My situation is I'm a UK national currently in France and have been here for nearly 4 years. My UK company is keen for me to return soon but have not offered a specific role yet. Also my 'mission' with the French company has an agreed maximum time of another two and a half years, which would take me to a six and a half years as an expat

The UK company has just mentioned something I would like to check with forum members. This is that there is a tax-related limit of 5 years for the expat benefits, beyond which there would be additional costs of tax. In response to my question, they are checking what such 'costs' would be related to. I currently benefit from tax-free home and school fees subsidies. I also pay income tax in France and social taxes in the UK

A couple of years ago I discussed with a partner in a large accountancy firm the question of whether there is a fixed time limit on expat contracts that is tax-related. His view was that the 5-year limit was often imposed by companies as a policy, but that a tax limit does not exist

It looks increasingly likely that the UK company will use this as a negotiation tactic to encourage my repatriation and I would like to be sure of my ground, so any comments or advice would be much appreciated !

Many thanks, Rick8


----------



## Bevdeforges (Nov 16, 2007)

At least as far as US expats are concerned, the "five year limit" relates to French cotisations (i.e. social insurances), as this is the limit to how long the French government will allow a "temporary" employee from outside France to remain in his "back home" social insurance system.
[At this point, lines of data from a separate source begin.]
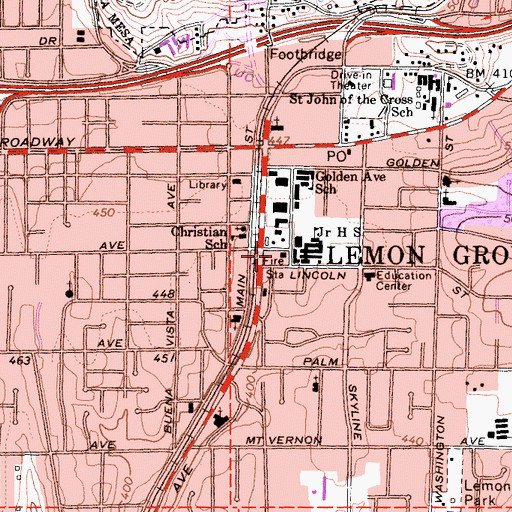 Topographic Map of Heartland Fire and Rescue Lemon Grove Station 10, CA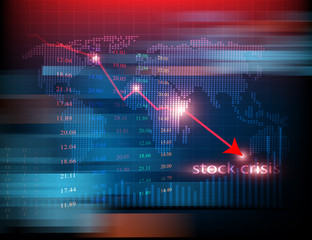 Stock market exchange analysis or forex graph business and finance money losing moving economic inflation deflation investment loss crash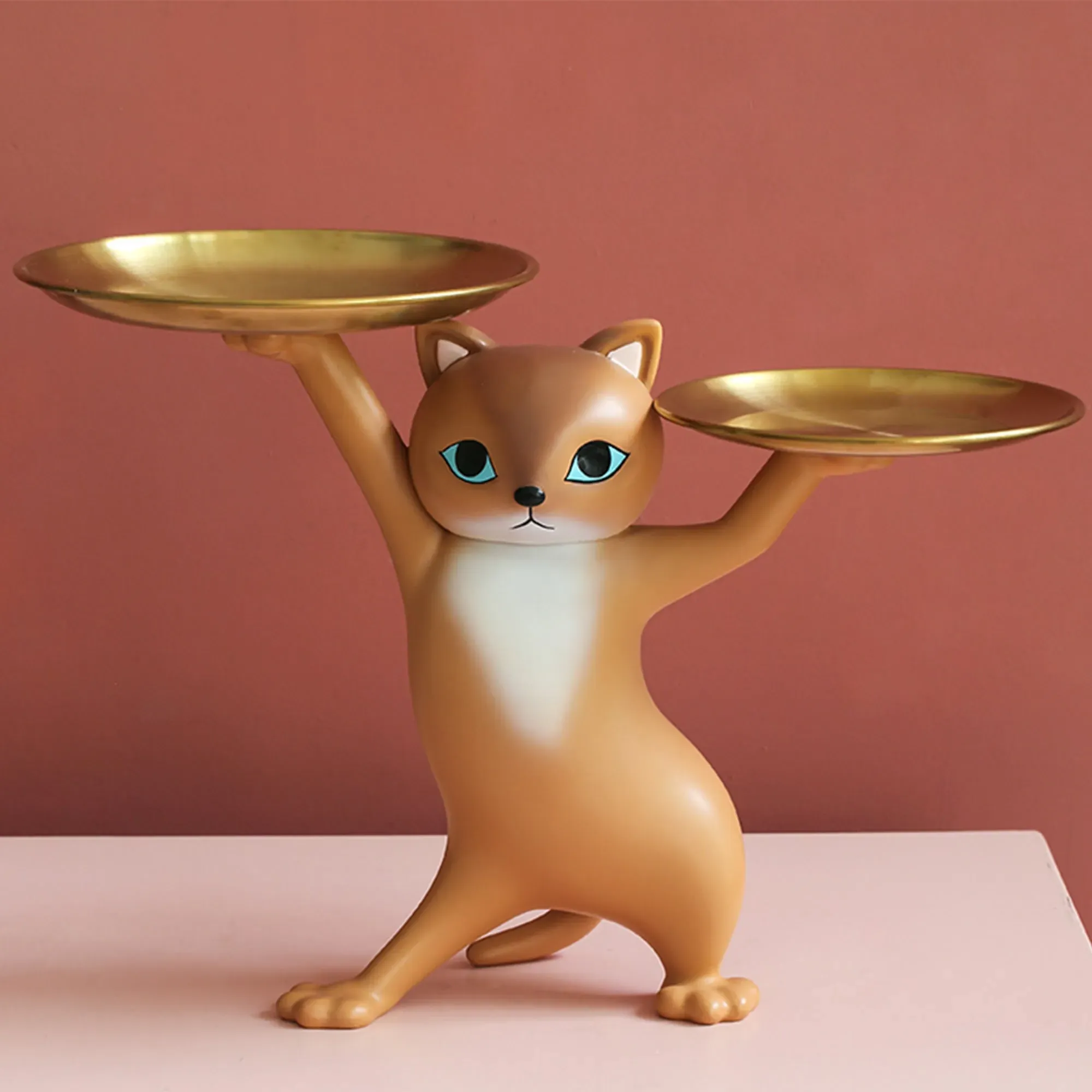 HD-17 Cat Storage Ornament - Brown, Resin image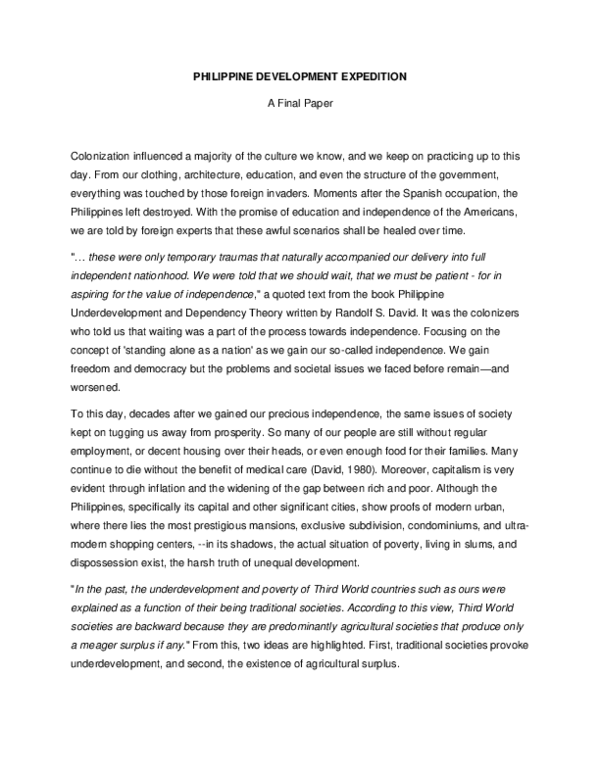 (PDF) Philippine Development Expedition [Final paper in Philippine
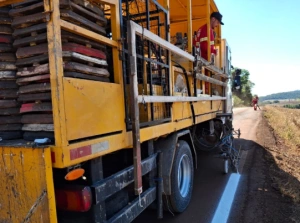  Iniciada a pintura da rodovia que liga a sede rondonense a Margarida e São Roque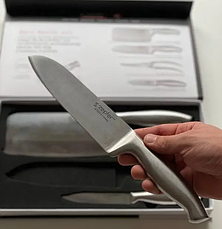 Дуже якісний універсальний набір стальних ножів для кухні Zepter 4 pcs knife set кухонні ножі, фото 3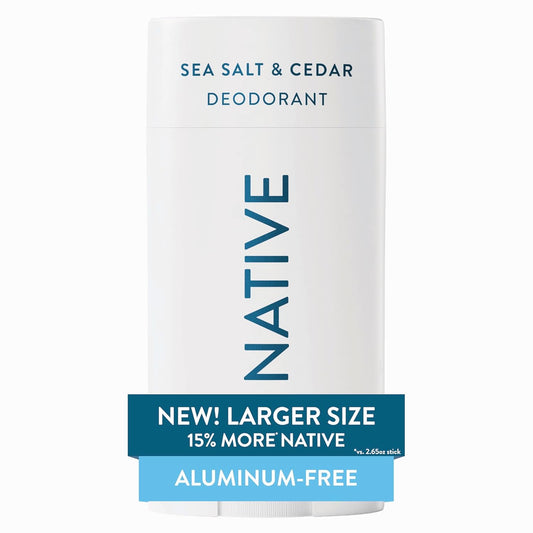 🔥[5𝟎% 𝐎𝐅𝐅 𝐋𝐀𝐒𝐓 𝐓𝐇𝐑𝐄𝐄 𝐃𝐀𝐘𝐒]Native Aluminum Free Deodorant, Sea Salt & Cedar, Large Size Stick, 72 Hour Odor Control, for Women & Men, Contains Naturally Derived Ingredients, 3.1 oz-JKL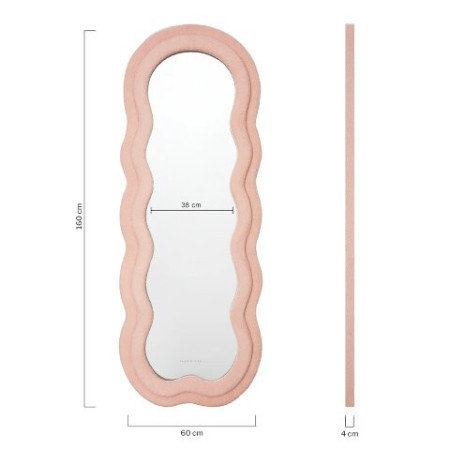 Miroir CHARLOTTE - Wavy Fleece Frame Mirror Pink - Flamingueo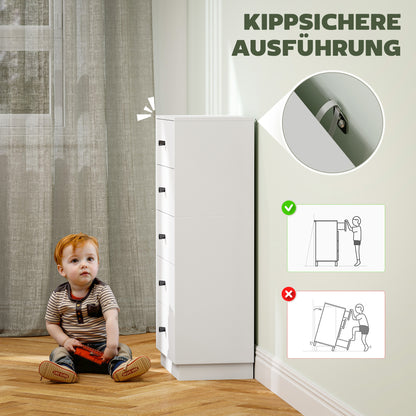 HOMCOM Kommode Sideboard mit 5 Schubladen Schrank aus Holzwerkstoff im Modern Stil 47 x 29 x 95 cm Weiß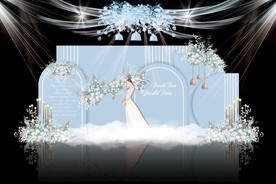 蓝色简约婚礼背景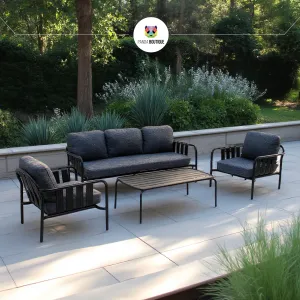 Valetta Aluminum Outdoor Set, Modern Garden Lounge Furniture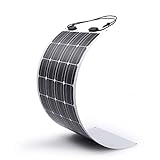 Renogy Panel solar monocristalino extremadamente flexible de 100 W, 12 V, capa ETFE, ultraligero, ultrafino, arco de hasta 248 grados, para autocaravanas, caravanas, barcos, techos, superficies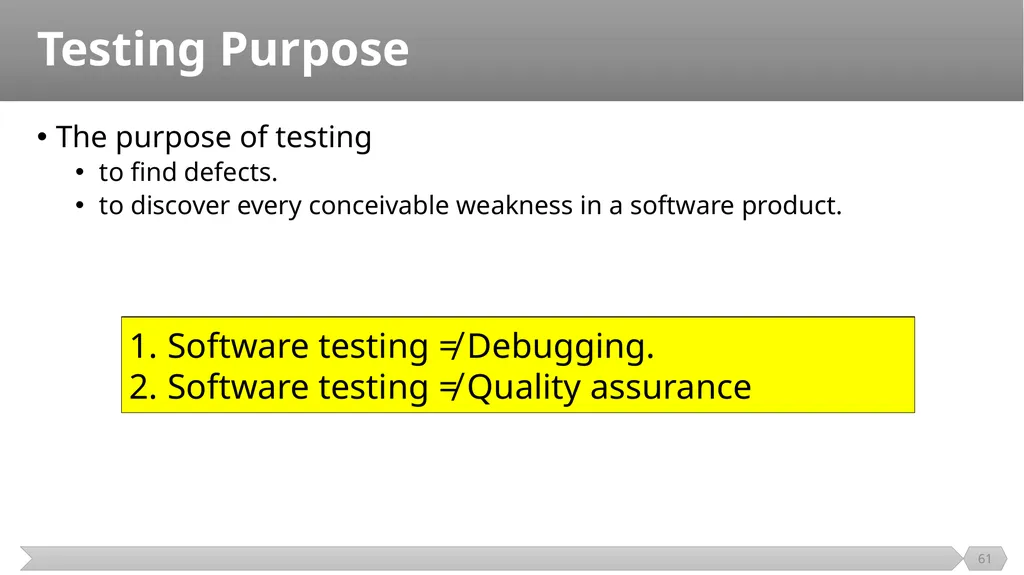 Introduction SE401: Software Quality Assurance and - slide 61 of 94
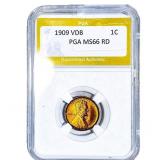 1909 VDB Wheat Cent PGA MS66 RD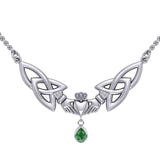 A love in full extent ~ Celtic Knotwork Claddagh Sterling Silver Necklace Jewelry with Gemstone TN260 - Jewelry
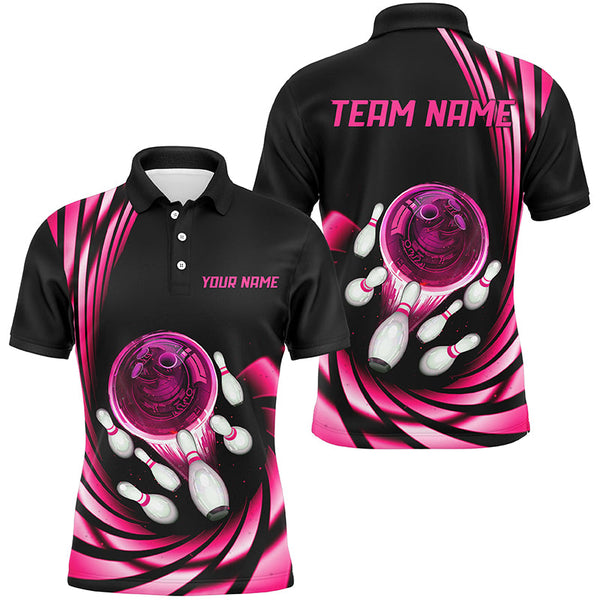 Maxcorners Bowling Polo, Quarter zip Shirt custom bowling team jerseys, bowling league shirts | Pink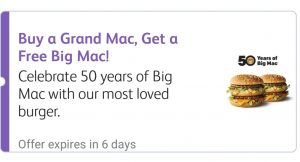 DEAL: McDonald’s - Free Big Mac when you buy a Grand Big Mac using mymacca's app (until July 4) 3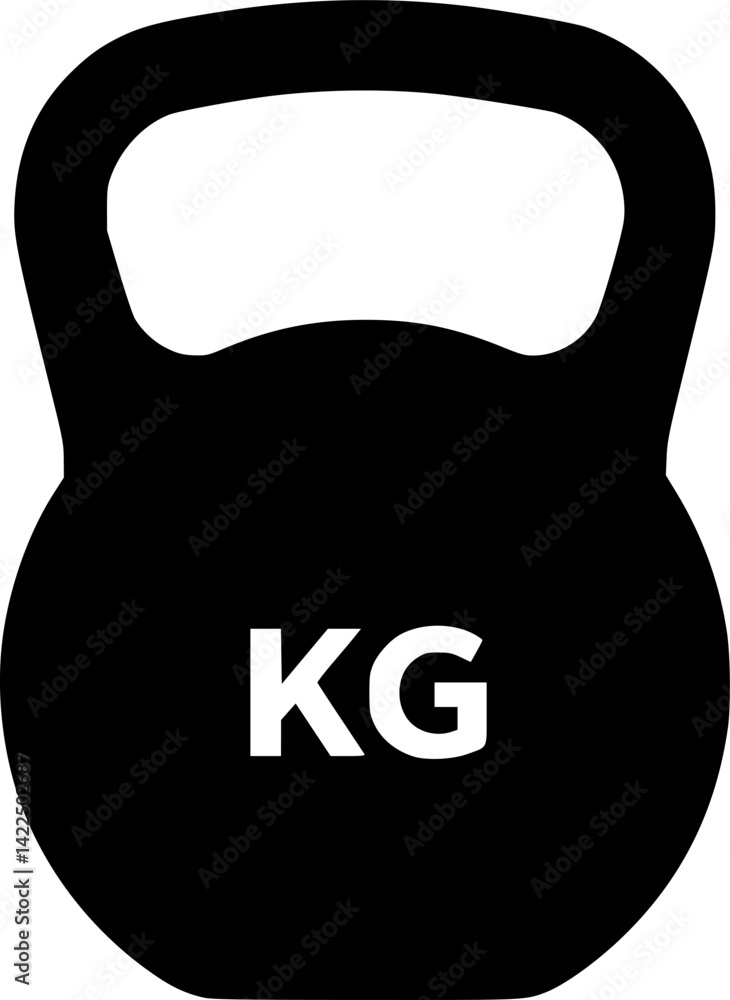 Fototapeta premium Kettlebell icon. Black silhouette. Front side view. Vector simple flat graphic illustration. Isolated object on white background. 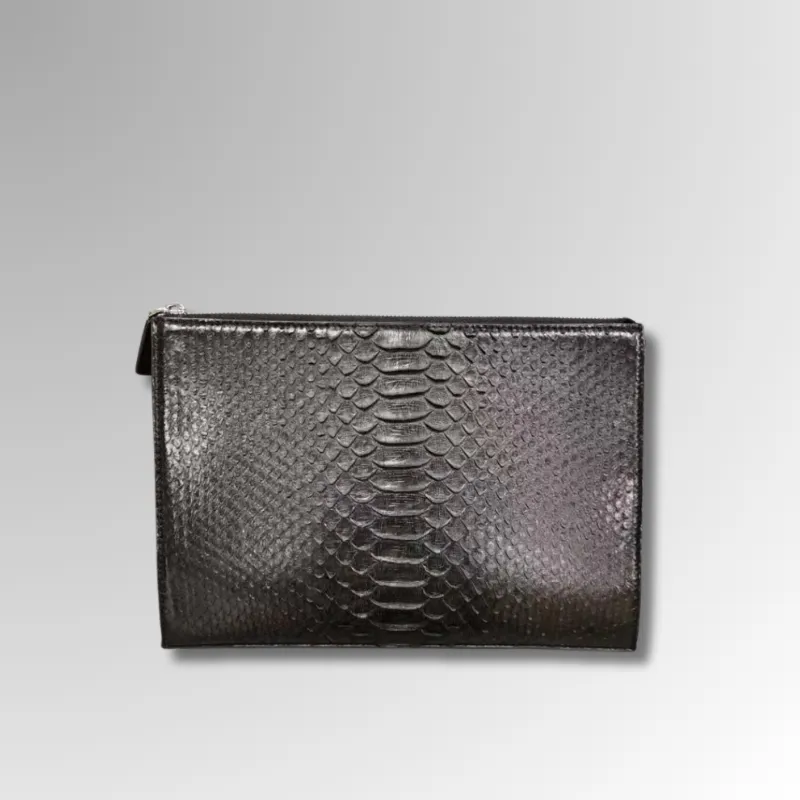 Python Snake Skin Oversized Clutch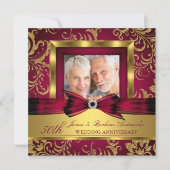 Invitation Burgundy Plum Or Photo 50e Anniversaire de Mariage (Devant)
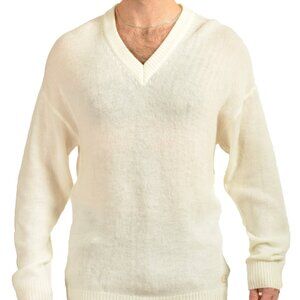 Scuderia Ferrari Men's Ivory 100%Wool V-Neck Pullover Sweater US L IT 52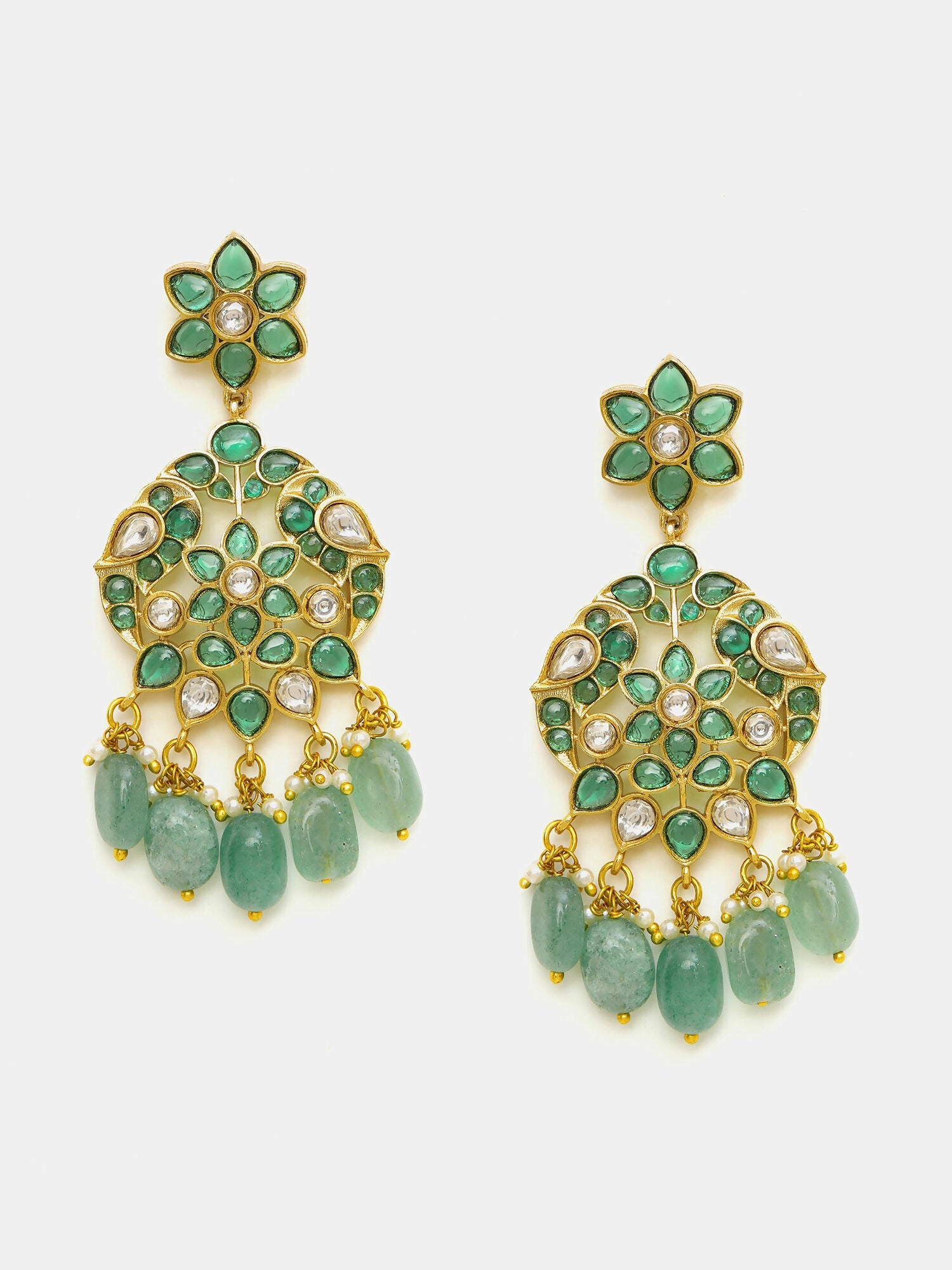 Ruby Raang Gold Polished Green Kundan Earrings | Swadesiicart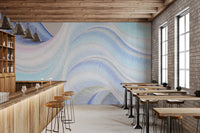 Fluid Azure Waves Wall Mural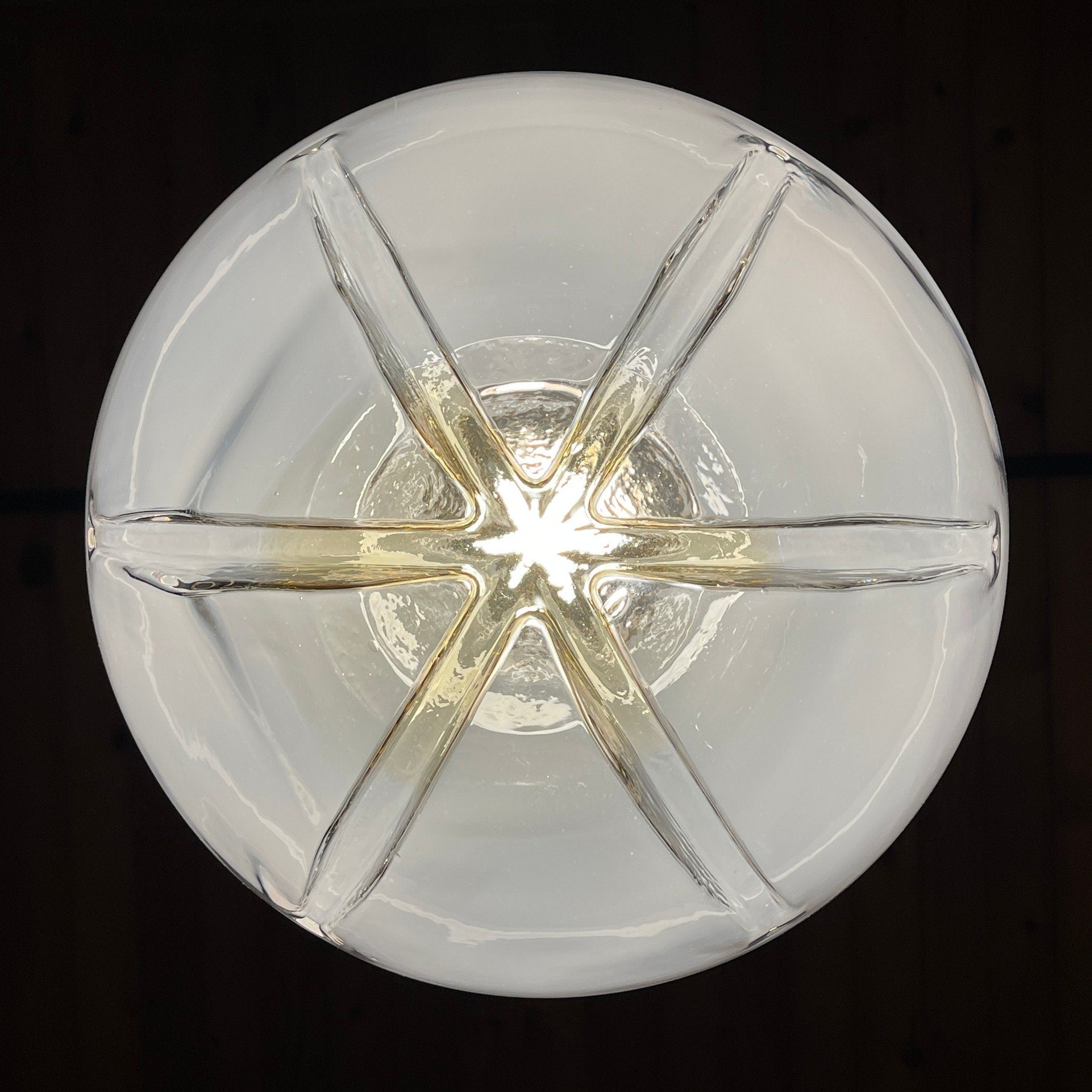 Large murano glass pendant lamp by Mazzega Italy 1960s Mid-century lighting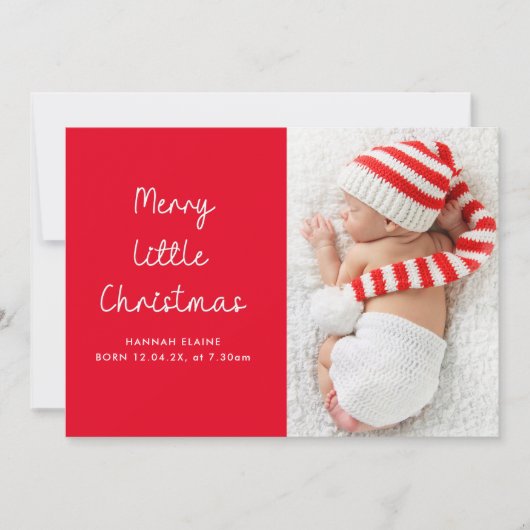 Moderne kleine kerst foto geboorte aankondiging (Voorkant)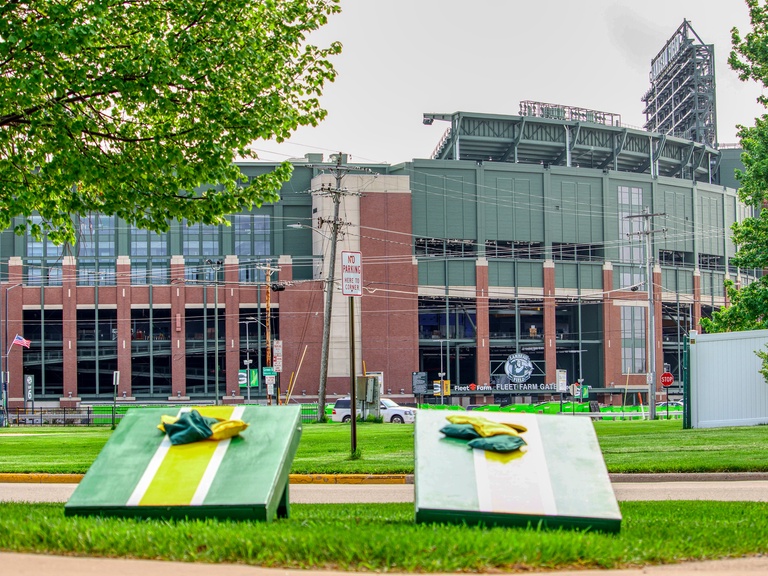 Play Green & Gold Cornhole across from Lambeau Field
The cotisations for a French employee cost the employer about 40% of the employee's gross salary - and is said to be one of the highest in Europe. This is very likely what your employer is concerned about.

The government office that your employer should be working with is called DIRECCTE. They are organized by region within France, but I did manage to find an article from the Aquitaine region that might be of interest in your situation: Cadre juridique des prestations de services internationales - Direccte
Cheers,
Bev


----------